Macarena Bernio es la mamá de Fausto, un niño sampedrino de 10 años que recientemente fue diagnosticado con TDAH y un trastorno psicótico agudo. Después de permanecer internado durante once días en el Hospital Militar, comenzó un tratamiento que requiere controles y terapias periódicas en Buenos Aires.
La familia debe afrontar semanalmente los gastos de traslado mientras espera la tramitación del Certificado Único de Discapacidad (CUD), que posteriormente permitiría cubrir los viajes. Para reunir el dinero necesario, Macarena organizó un sorteo solidario con más de 40 premios donados por vecinos y emprendimientos.
Los primeros síntomas
En diálogo con Crónica San Pedro, Macarena relató que los primeros episodios se presentaron el 15 de junio, cuando Fausto comenzó a experimentar alteraciones en la percepción.
“Veía que las cosas se distorsionaban, se movían y cambiaban de forma”, contó. Días después, el cuadro se intensificó y el niño bajó corriendo las escaleras, visiblemente angustiado por aquello que estaba observando.
La familia consultó inmediatamente con su pediatra y posteriormente acudió a la guardia. Allí le realizaron análisis, una tomografía y diferentes estudios para descartar otras posibles causas.
Durante esos controles también se detectó un quiste en el cerebelo que, según le explicaron a la familia, por el momento no ocasionaría inconvenientes, aunque deberá permanecer bajo seguimiento médico. Fausto tiene programadas consultas con neurología y neurocirugía durante septiembre.
Finalmente permaneció internado durante once días en el Hospital Militar, donde fue evaluado por diferentes profesionales y se estableció un plan de tratamiento.
Terapias, controles y viajes semanales
Fausto necesita concurrir al psicólogo todas las semanas y mantener controles con psiquiatría. La familia también participa de encuentros de orientación para padres y debe completar nuevos estudios, entre ellos un psicodiagnóstico y una evaluación cognitiva.
El niño había realizado anteriormente pruebas relacionadas con el TDAH, pero la documentación debe tener una antigüedad menor a seis meses para poder avanzar con la gestión del CUD. Por ese motivo fue necesario comenzar nuevamente parte del proceso de evaluación.
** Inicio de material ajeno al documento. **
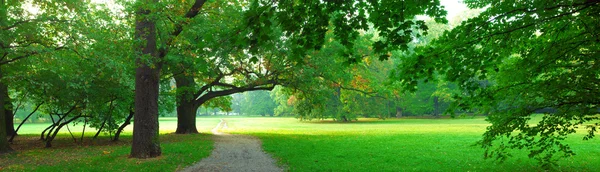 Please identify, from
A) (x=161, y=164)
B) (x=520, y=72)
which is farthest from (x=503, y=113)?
(x=161, y=164)

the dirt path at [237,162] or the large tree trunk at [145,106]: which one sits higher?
the large tree trunk at [145,106]

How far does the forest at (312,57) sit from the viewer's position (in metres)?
Result: 4.87

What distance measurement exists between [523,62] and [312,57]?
13703mm

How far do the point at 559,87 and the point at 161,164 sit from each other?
10.1 meters

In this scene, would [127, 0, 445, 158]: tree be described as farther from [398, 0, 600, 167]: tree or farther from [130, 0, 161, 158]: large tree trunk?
[130, 0, 161, 158]: large tree trunk

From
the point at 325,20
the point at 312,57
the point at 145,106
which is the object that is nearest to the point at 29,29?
the point at 145,106

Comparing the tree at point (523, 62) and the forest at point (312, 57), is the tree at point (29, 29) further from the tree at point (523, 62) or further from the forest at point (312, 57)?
the tree at point (523, 62)

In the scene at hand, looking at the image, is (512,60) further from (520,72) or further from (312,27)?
(312,27)

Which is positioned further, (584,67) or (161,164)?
(161,164)

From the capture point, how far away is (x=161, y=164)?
10852 mm

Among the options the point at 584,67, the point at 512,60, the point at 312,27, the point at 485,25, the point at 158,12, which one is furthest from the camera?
the point at 158,12

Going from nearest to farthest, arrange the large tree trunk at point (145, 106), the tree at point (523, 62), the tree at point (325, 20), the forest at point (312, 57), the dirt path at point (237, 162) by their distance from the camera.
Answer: the tree at point (325, 20)
the forest at point (312, 57)
the tree at point (523, 62)
the dirt path at point (237, 162)
the large tree trunk at point (145, 106)

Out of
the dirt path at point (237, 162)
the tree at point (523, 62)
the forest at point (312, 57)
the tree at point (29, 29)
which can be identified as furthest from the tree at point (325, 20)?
the tree at point (29, 29)

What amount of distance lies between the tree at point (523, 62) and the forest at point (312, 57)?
0.08 ft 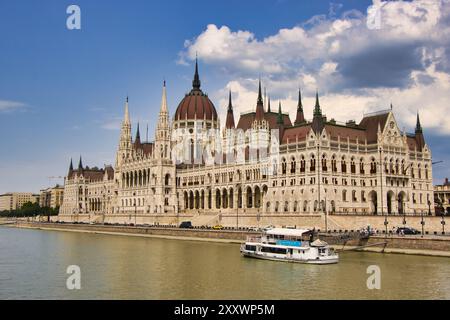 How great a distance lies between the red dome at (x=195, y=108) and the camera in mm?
159363

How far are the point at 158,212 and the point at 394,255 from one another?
269 ft

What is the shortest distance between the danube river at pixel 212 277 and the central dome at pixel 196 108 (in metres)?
93.4

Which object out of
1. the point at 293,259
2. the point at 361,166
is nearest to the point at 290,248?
the point at 293,259

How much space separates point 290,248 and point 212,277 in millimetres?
15494

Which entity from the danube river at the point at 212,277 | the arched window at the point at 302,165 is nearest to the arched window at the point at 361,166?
the arched window at the point at 302,165

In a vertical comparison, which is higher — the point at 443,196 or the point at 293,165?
the point at 293,165

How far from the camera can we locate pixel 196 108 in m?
160

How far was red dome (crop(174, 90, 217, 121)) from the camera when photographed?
159363 millimetres

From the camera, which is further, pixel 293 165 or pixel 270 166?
pixel 270 166

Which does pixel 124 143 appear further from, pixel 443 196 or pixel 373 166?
pixel 443 196

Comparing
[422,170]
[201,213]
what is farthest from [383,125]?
[201,213]

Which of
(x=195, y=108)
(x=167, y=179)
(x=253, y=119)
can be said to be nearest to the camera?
(x=253, y=119) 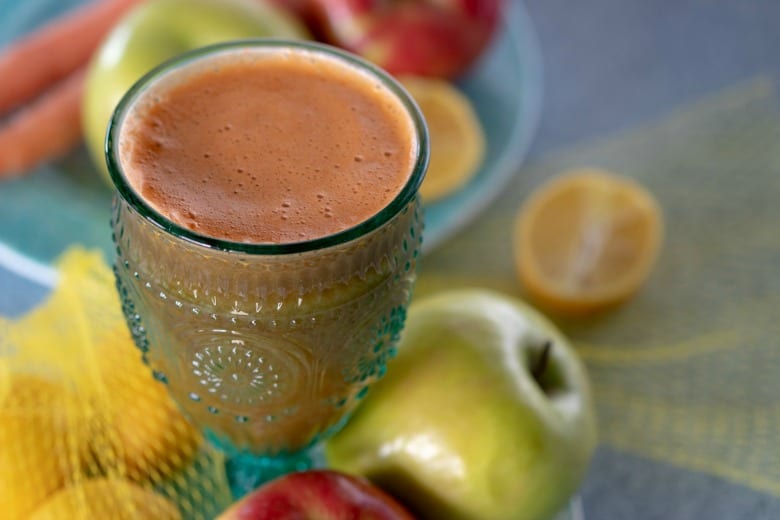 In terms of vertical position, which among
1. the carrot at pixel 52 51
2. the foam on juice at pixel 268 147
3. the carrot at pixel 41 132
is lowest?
the carrot at pixel 41 132

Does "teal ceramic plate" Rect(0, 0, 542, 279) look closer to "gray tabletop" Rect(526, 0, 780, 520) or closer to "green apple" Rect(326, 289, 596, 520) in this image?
"gray tabletop" Rect(526, 0, 780, 520)

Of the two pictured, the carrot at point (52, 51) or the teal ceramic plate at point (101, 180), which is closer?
the teal ceramic plate at point (101, 180)

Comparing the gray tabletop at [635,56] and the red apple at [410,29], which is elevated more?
the red apple at [410,29]

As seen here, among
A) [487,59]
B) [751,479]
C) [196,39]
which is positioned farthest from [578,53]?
[751,479]

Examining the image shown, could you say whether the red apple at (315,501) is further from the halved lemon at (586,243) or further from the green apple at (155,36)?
the green apple at (155,36)

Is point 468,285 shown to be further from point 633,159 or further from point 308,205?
point 308,205

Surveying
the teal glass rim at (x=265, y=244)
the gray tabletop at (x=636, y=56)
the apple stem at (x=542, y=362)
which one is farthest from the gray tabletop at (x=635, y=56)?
the teal glass rim at (x=265, y=244) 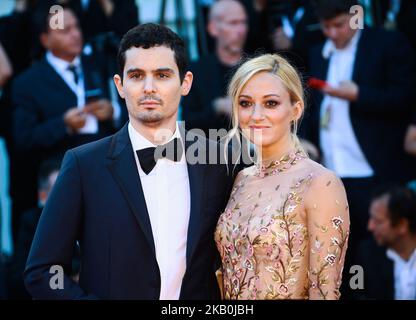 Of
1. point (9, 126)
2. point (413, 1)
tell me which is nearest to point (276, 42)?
point (413, 1)

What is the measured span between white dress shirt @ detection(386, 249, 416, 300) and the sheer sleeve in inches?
91.5

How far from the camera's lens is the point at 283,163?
144 inches

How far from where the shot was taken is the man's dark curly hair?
3459mm

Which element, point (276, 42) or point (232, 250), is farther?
point (276, 42)

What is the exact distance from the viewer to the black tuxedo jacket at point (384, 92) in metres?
5.80

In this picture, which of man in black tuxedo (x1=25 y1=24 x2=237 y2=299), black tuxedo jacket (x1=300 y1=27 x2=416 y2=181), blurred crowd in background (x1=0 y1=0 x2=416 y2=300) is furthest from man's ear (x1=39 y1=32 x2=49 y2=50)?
man in black tuxedo (x1=25 y1=24 x2=237 y2=299)

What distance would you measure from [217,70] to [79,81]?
88 cm

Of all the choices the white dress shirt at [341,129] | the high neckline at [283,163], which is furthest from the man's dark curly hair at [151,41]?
the white dress shirt at [341,129]

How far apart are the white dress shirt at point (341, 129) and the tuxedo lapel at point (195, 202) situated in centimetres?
241

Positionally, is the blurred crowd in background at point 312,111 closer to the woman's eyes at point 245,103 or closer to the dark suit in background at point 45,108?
the dark suit in background at point 45,108

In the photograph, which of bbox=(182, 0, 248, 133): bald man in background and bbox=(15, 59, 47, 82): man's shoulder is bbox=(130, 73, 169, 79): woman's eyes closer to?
bbox=(182, 0, 248, 133): bald man in background

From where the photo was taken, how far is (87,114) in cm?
581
La mayoría de los turnos son otorgados en Buenos Aires y la familia debe salir de madrugada para llegar a tiempo.
“Es agotador porque tengo que estar continuamente mirándolo”, expresó Macarena. Actualmente Fausto se encuentra medicado y no presenta alucinaciones todos los días, aunque su mamá explicó que atraviesa momentos de irritabilidad, sensibilidad ante los ruidos y episodios en los que puede golpearse.
Para ayudarlo a canalizar lo que siente, cuando es posible también concurre a taekwondo. Mientras tanto, los profesionales evalúan su evolución y si resulta necesario modificar la medicación o la frecuencia de los controles.
Su vida cotidiana y la escuela
Fausto continúa asistiendo normalmente a la escuela. Su mamá destacó su facilidad para Matemática y contó que suele resolver mentalmente los ejercicios, aunque se frustra cuando debe escribir todo el procedimiento.
La situación también obligó a suspender un viaje escolar previsto para septiembre, debido a que todavía no cuenta con acompañante y Macarena no podía participar como mamá.
La empresa responsable comprendió la situación y devolvió gran parte del dinero abonado. La familia le explicó a Fausto lo sucedido y buscará realizar junto con él algunas de las actividades que formaban parte del viaje.
“Sabemos que no es lo mismo ir con los padres que con sus compañeros, pero queremos que pueda disfrutarlo en familia”, señaló.
Un sorteo para cubrir los traslados
Macarena aclaró que la principal necesidad de la familia es contar con el dinero necesario para viajar y garantizar la continuidad del tratamiento hasta que se otorgue el CUD.
Con ese objetivo puso en marcha un sorteo que ya reúne más de 40 premios aportados por personas, comercios y emprendimientos que decidieron colaborar.
También agradeció especialmente el acompañamiento recibido durante la internación y destacó a la pediatra Florencia Belén, quien se ofreció a colaborar con los traslados.
A esta cadena solidaria se sumó el doctor Jorge Marceillac, quien pagó los pasajes de ida y vuelta en Rucar para los viajes previstos a la Ciudad de Buenos Aires durante los días 24, 25 y 27 de agosto.
Quienes deseen colaborar con el sorteo o comunicarse con la familia pueden hacerlo al número informado por Macarena: 3329 67-8003.
“Solamente necesitamos cubrir los viajes. Después, cuando tengamos el CUD, nos irán explicando cómo continúa todo”, expresó.
La familia busca garantizar que Fausto pueda sostener sus terapias, realizar los estudios pendientes y transitar este proceso con el acompañamiento profesional que necesita.